**YOUR OBJECTIVE:**
In the copy, keep the lines from the first line of the material below through the line containing "When creating a" exactly as they are, and include no pictures.
[[ RECORDS PROVIDED open ]]
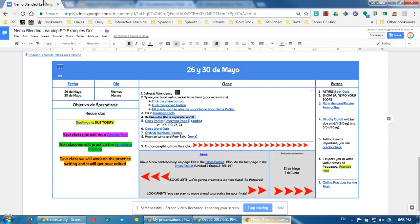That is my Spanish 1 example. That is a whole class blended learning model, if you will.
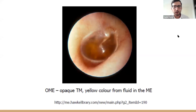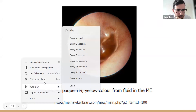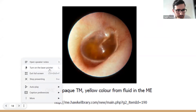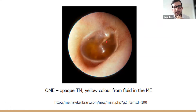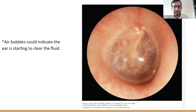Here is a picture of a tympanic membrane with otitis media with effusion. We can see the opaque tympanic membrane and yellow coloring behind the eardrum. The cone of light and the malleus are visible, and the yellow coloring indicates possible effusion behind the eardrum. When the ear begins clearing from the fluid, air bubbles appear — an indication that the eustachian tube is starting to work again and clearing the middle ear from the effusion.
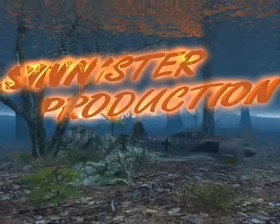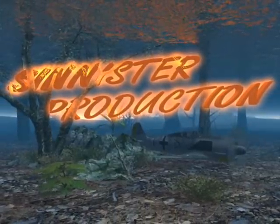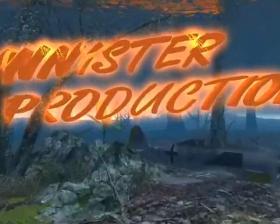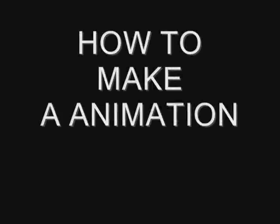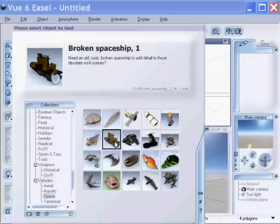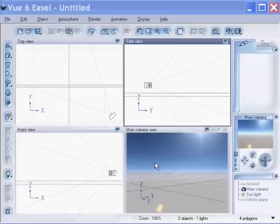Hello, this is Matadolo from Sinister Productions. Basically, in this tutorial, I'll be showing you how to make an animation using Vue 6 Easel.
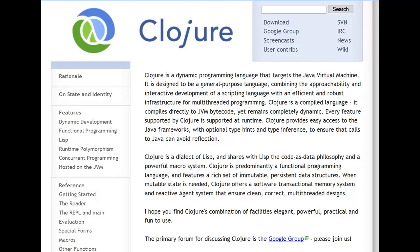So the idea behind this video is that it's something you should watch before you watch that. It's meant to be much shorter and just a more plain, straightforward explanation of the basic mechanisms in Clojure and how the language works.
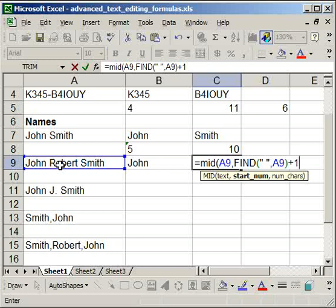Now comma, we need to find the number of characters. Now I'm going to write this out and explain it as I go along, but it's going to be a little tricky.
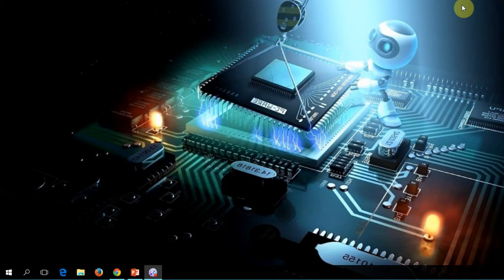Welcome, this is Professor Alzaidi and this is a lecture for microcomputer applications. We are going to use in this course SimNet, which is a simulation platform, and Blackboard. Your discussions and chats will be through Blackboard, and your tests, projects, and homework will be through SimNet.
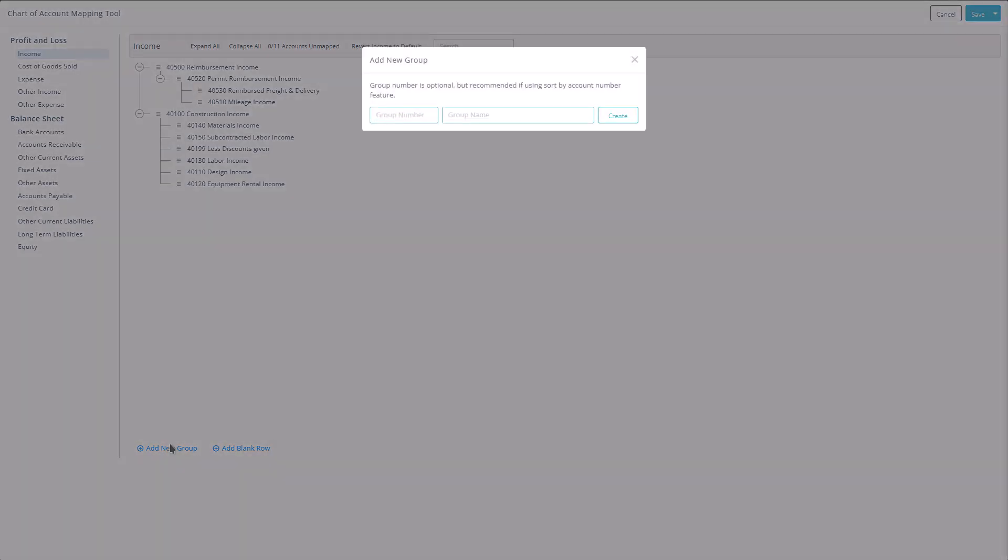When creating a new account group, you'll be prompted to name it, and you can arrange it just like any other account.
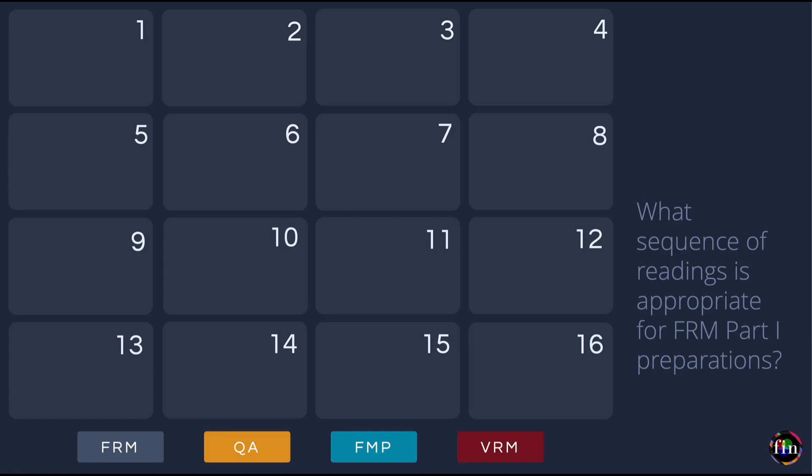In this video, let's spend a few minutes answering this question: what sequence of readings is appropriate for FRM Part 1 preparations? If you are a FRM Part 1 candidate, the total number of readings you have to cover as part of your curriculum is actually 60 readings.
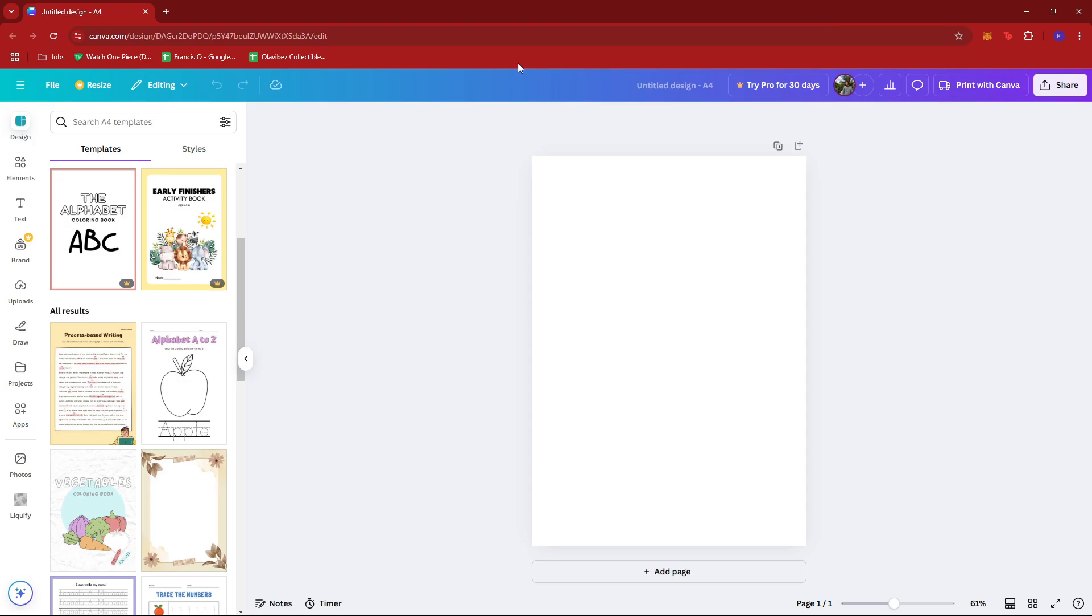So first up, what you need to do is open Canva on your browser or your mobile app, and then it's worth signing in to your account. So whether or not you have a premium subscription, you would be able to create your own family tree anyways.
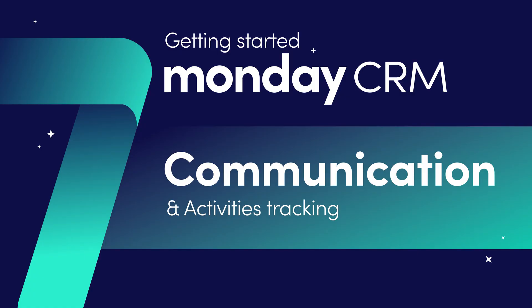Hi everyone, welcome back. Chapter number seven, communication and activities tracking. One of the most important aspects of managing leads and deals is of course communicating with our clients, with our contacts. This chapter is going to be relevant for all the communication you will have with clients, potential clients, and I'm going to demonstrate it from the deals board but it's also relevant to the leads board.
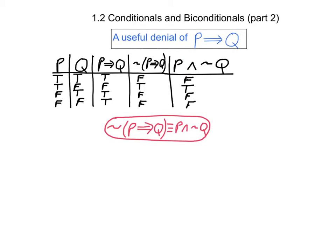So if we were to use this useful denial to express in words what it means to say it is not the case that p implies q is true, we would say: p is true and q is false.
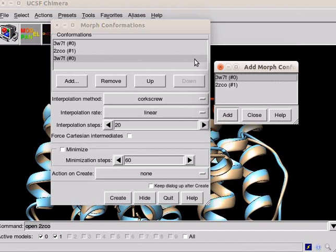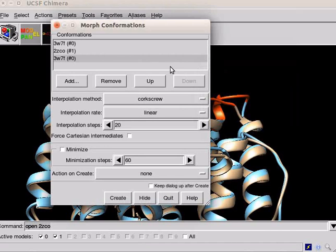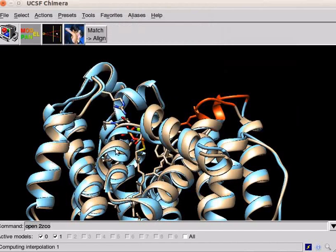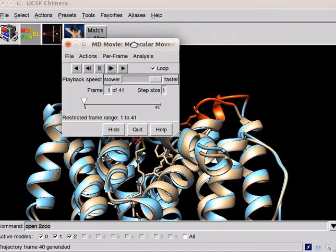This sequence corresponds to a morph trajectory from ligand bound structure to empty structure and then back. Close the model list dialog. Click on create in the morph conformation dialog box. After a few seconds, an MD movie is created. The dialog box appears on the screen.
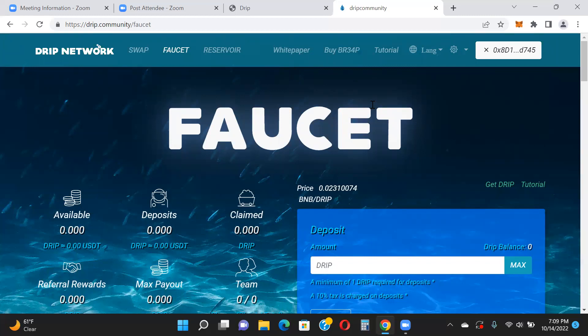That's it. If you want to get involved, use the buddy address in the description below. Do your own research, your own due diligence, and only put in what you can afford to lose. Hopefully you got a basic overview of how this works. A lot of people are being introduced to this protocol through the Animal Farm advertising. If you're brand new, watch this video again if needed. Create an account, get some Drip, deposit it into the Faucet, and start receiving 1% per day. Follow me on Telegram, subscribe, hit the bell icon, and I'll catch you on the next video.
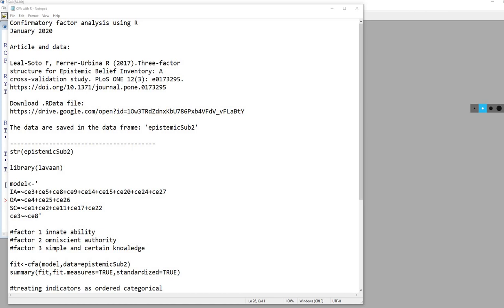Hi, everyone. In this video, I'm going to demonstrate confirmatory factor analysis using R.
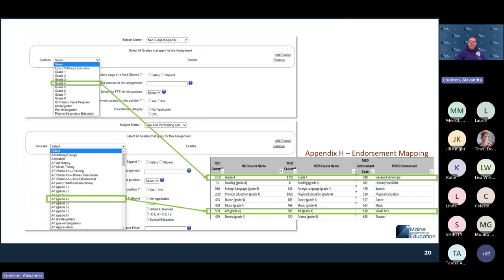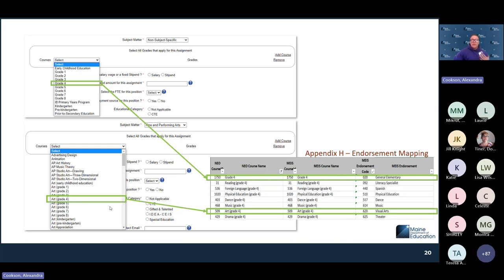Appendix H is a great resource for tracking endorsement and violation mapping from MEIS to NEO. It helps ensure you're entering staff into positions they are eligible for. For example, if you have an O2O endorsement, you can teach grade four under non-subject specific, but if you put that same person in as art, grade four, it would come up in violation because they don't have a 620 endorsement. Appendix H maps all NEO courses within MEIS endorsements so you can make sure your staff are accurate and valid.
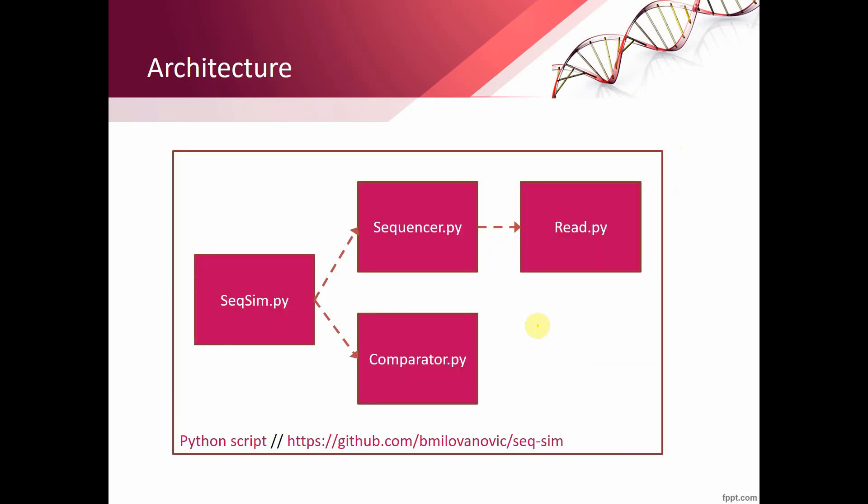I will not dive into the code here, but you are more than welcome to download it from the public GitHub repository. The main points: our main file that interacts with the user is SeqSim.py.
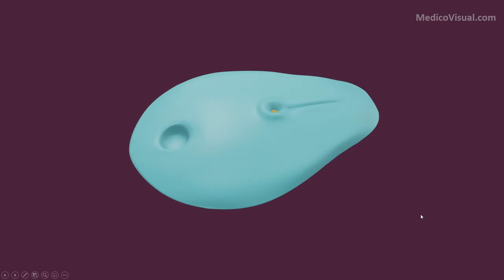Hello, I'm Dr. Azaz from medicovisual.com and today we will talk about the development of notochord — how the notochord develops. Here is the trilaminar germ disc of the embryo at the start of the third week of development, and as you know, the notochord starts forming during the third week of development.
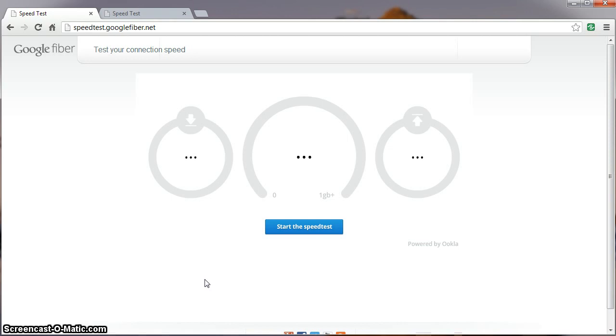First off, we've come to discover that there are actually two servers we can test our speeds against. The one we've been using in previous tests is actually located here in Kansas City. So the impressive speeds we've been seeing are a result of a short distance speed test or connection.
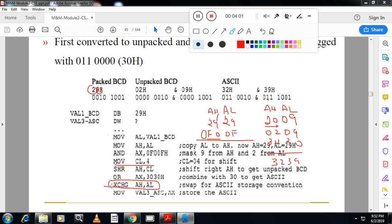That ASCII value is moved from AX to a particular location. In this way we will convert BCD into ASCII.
[[ RECORDS PROVIDED closed ]]
**ANSWER TO THIS PROBLEM:**
That is my Spanish 1 example. That is a whole class blended learning model, if you will.
Here is a picture of a tympanic membrane with otitis media with effusion. We can see the opaque tympanic membrane and yellow coloring behind the eardrum. The cone of light and the malleus are visible, and the yellow coloring indicates possible effusion behind the eardrum. When the ear begins clearing from the fluid, air bubbles appear — an indication that the eustachian tube is starting to work again and clearing the middle ear from the effusion.
Hello, this is Matadolo from Sinister Productions. Basically, in this tutorial, I'll be showing you how to make an animation using Vue 6 Easel.
So the idea behind this video is that it's something you should watch before you watch that. It's meant to be much shorter and just a more plain, straightforward explanation of the basic mechanisms in Clojure and how the language works.
Now comma, we need to find the number of characters. Now I'm going to write this out and explain it as I go along, but it's going to be a little tricky.
Welcome, this is Professor Alzaidi and this is a lecture for microcomputer applications. We are going to use in this course SimNet, which is a simulation platform, and Blackboard. Your discussions and chats will be through Blackboard, and your tests, projects, and homework will be through SimNet.
When creating a new account group, you'll be prompted to name it, and you can arrange it just like any other account.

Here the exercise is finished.